[Scraped caption text data]
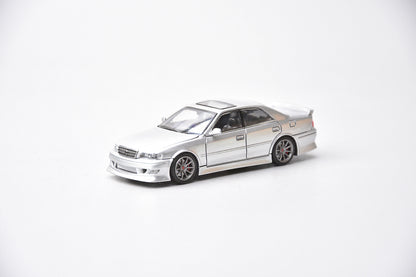 ＜予約商品＞1/64 Toyota Chaser JZX100 Custom Version ※2026年12月以後入荷予定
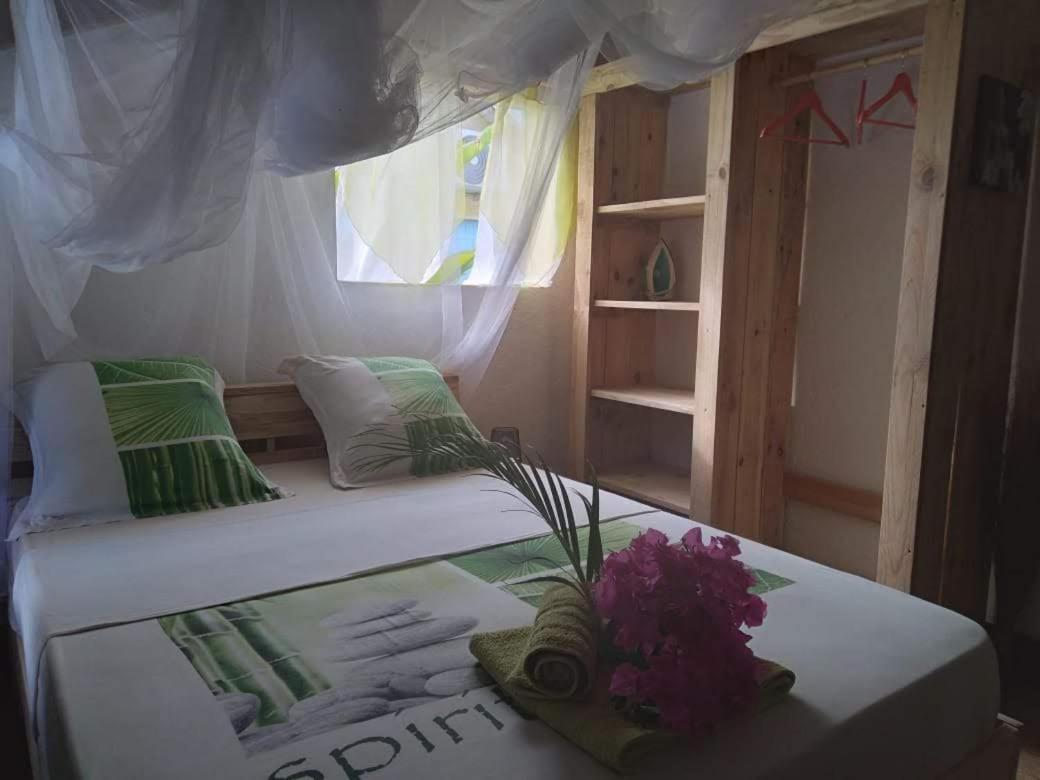 Kaz Créole Jardin et Jacuzzi Privés Villa Saint-Francois  Kültér fotó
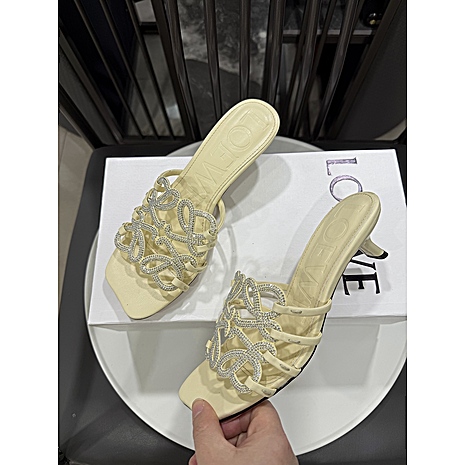 LOEWE 4.5cm High-heeled shoes for women #794455 replica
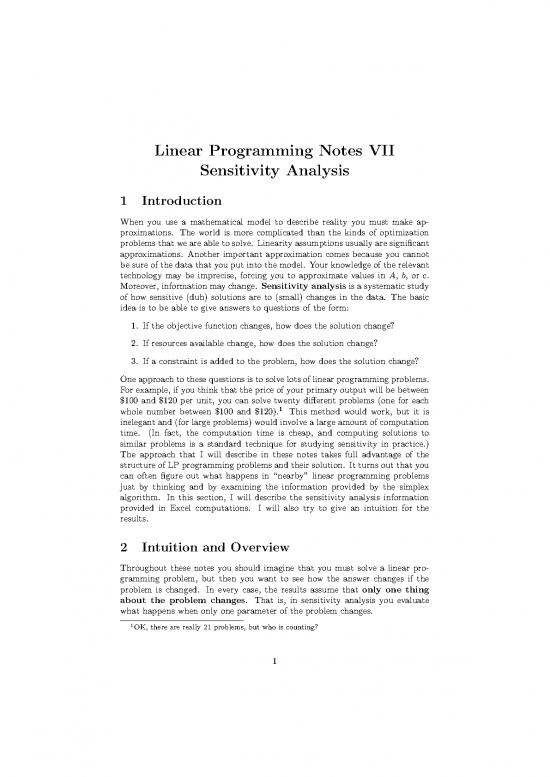 picture Linear Programming Examples And Solutions Pdf 175186 | Notes7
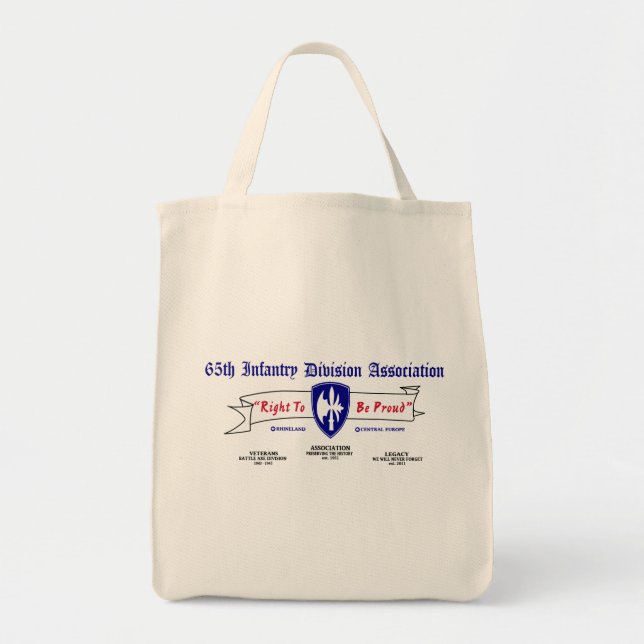 Grocery Shopping Tote Bag (Front)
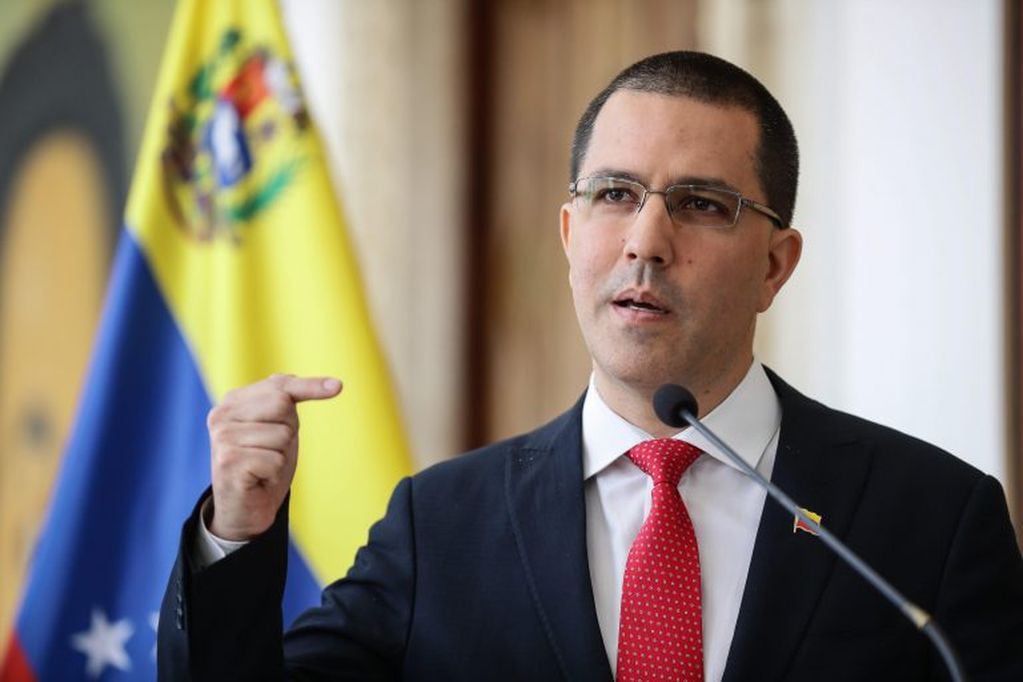 El canciller venezolano, Jorge Arreaza. (EFE)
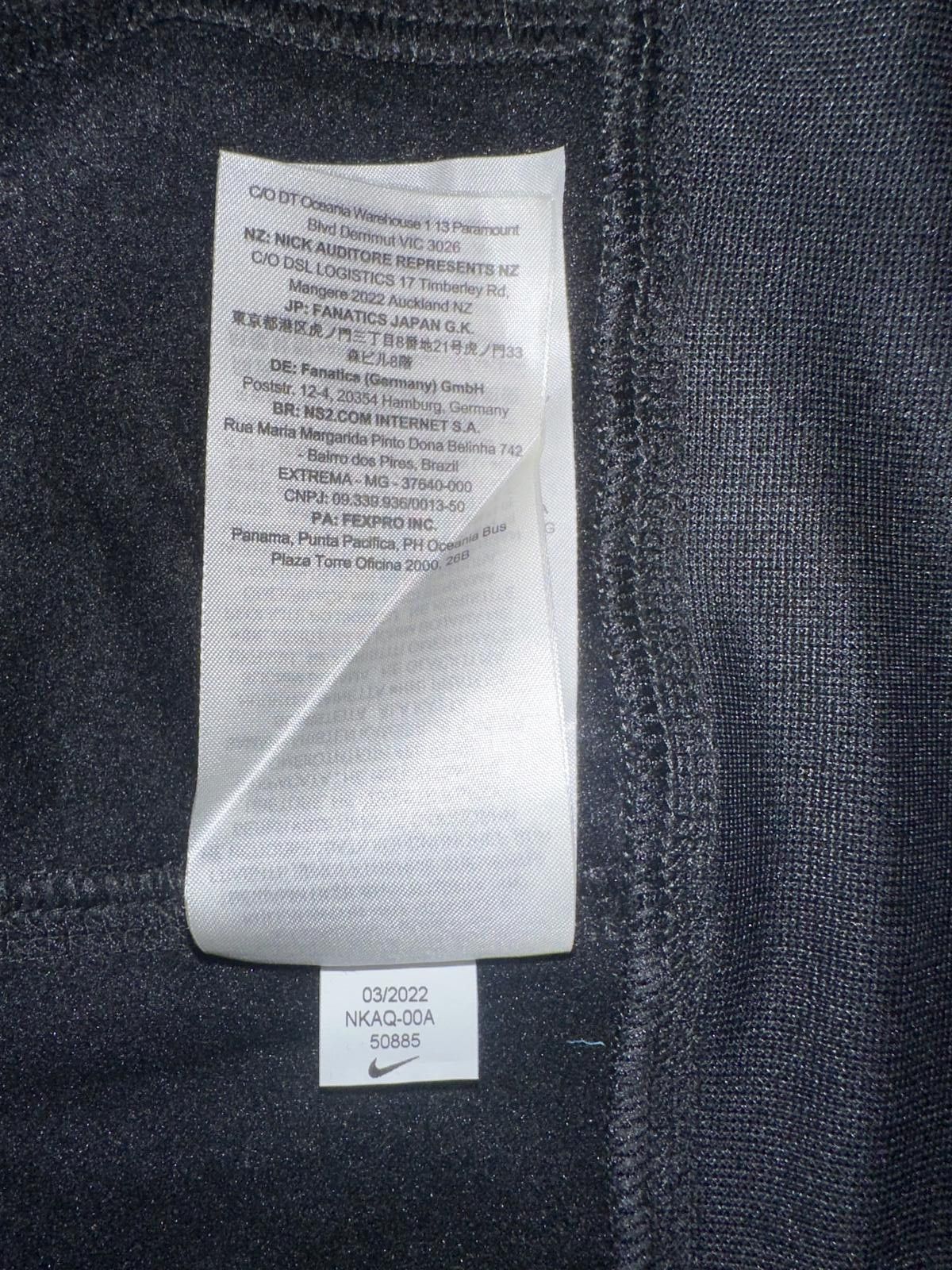 Nike Carolina Panthers Nike KO Logo Essential Hoodie Size US L / EU 52-54 / 3 - 11 Thumbnail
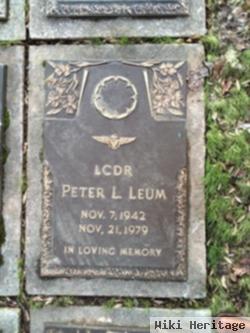 Lcdr Peter L Leum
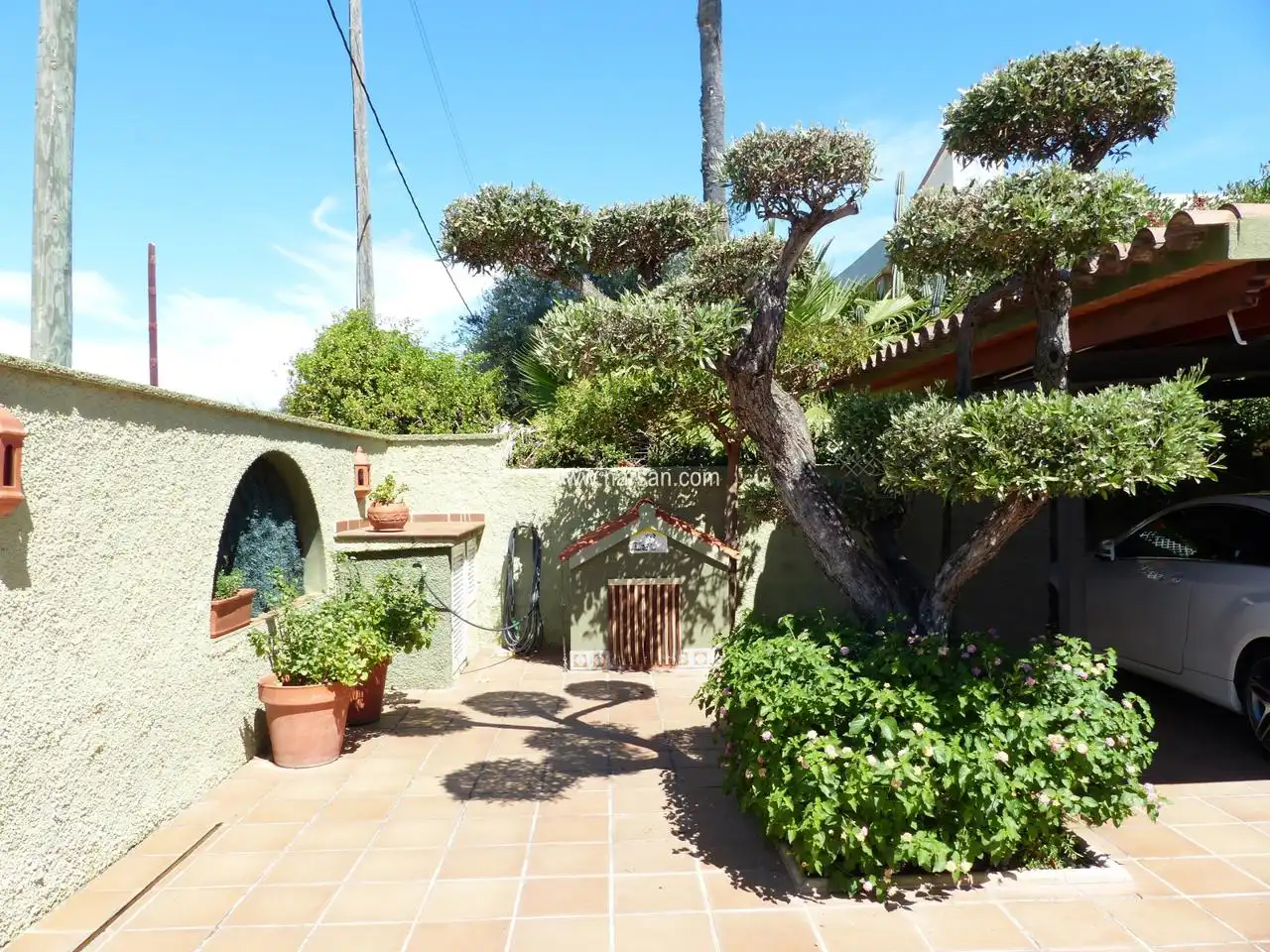 Jardí de Casa o xalet en venda en Benicasim Golf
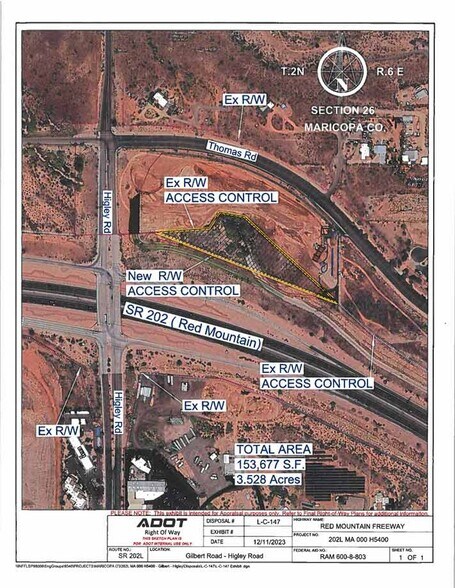 More Photos Of 5305 E Thomas Rd, Mesa Land For Sale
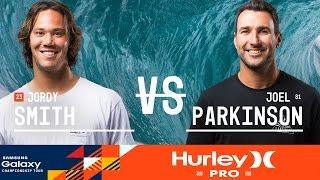 Jordy Smith vs. Joel Parkinson - Hurley Pro at Trestles 2016 Final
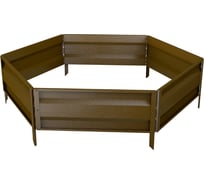 Сборная клумба Delta-Park KM50 коричневый 3005007_11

- [TASK DESCRIPTION]:
Exactly the lines from the one with "Jordy Smith vs." through the end of the records are to be repeated, both ends included, and pictures are to be omitted.

- [COMPLETED TASK]:
 Jordy Smith vs. Joel Parkinson - Hurley Pro at Trestles 2016 Final
 Сборная клумба Delta-Park KM50 коричневый 3005007_11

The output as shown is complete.